Hunt, que conseguiu ultrapassar com certa surpresa Michael Gove para estar na ronda definitiva, tem agora uns dias para inverter o favoritismo do homem que o antecedeu como ministro dos Negócios Estrangeiros, e o seu principal argumento é mesmo o estilo imprevisível e até contraditório de Johnson. Com mais experiência governativa, Hunt seria uma escolha para líder conservador dentro de parâmetros mais habituais.

Os tempos não são, porém, os habituais. Não só gerir a saída da União Europeia é um desafio gigantesco, como as sondagens mostram a dificuldade dos conservadores em ganhar as legislativas num quadro em que o Partido do Brexit e os liberais teriam votações de 20% ou mais e os trabalhistas, mesmo caindo, conquistariam o governo. Assim, o carisma de Johnson dá-lhe força, até porque já mostrou ser bom a atrair votos, basta pensar como foi eleito mayor de Londres e como ajudou ao triunfo do Brexit no referendo de 2016.

Johnson tem também a distingui-lo de Hunt o ter sido o tal campeão do Brexit, enquanto o rival defendeu a permanência na União Europeia. Será mais natural, pois, ser o brexiteer a gerir o processo.
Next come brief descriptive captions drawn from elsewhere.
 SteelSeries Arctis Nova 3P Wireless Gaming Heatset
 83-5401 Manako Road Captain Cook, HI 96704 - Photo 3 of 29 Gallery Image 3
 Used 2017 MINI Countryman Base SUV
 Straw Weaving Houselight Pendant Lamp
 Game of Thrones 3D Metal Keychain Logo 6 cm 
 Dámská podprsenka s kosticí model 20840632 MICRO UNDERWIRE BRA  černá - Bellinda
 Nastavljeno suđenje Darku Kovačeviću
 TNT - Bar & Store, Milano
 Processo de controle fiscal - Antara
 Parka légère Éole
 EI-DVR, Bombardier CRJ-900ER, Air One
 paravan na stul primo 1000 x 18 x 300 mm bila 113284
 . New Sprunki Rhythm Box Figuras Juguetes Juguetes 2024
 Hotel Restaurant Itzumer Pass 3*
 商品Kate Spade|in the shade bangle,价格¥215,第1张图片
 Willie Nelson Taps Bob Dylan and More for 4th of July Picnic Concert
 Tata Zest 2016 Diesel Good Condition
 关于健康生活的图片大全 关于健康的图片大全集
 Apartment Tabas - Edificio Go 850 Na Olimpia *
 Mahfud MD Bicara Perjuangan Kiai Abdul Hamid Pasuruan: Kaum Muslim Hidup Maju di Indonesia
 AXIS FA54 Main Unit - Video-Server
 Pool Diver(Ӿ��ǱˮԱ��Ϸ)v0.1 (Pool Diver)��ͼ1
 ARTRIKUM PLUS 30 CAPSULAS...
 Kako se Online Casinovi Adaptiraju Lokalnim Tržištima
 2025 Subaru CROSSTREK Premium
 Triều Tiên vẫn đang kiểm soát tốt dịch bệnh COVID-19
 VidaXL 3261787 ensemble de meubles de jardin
Basta ver como Theresa May, também defensora do remain no referendo, nunca teve sucesso a fazer a ponte entre o partido e Bruxelas.

Porém, Hunt surge como um pouco mais difícil de derrotar para Johnson do que Gove exatamente porque pode dizer mesmo que é diferente, que é uma alternativa. Não deve chegar, mas traz um mínimo de incerteza a esta corrida.

Se tudo correr dentro da normalidade, e como já foi realçado, só o ar dos tempos não garante isso em absoluto, Johnson será líder do partido e primeiro-ministro após 22 de julho. As próximas eleições serão só em 2022, a não ser que o governo falhe uma moção de confiança por deserção dos aliados unionistas ou traição de alguns conservadores, o que não é provável dado que a renovação dos assentos seria difícil, em especial para os últimos. Outra hipótese é dois terços dos deputados votarem para antecipar eleições, desejo dos trabalhistas de Jeremy Corbyn, mas cenário ainda mais improvável pois os conservadores nada têm a ganhar com serem testados.

Os 27 vão, pois, ter de lidar ou com um Johnson decidido a concretizar o Brexit até 31 de outubro der por onde der ou um Hunt que não exclui a saída dura mas que é mais diplomata. Percebe-se o pensamento da The Economist e do Le Monde, mas como se viu há três anos não serão os editoriais dos media sérios a travar a atração de muitos britânicos pelo populismo do antigo correspondente em Bruxelas. A hora é de Boris.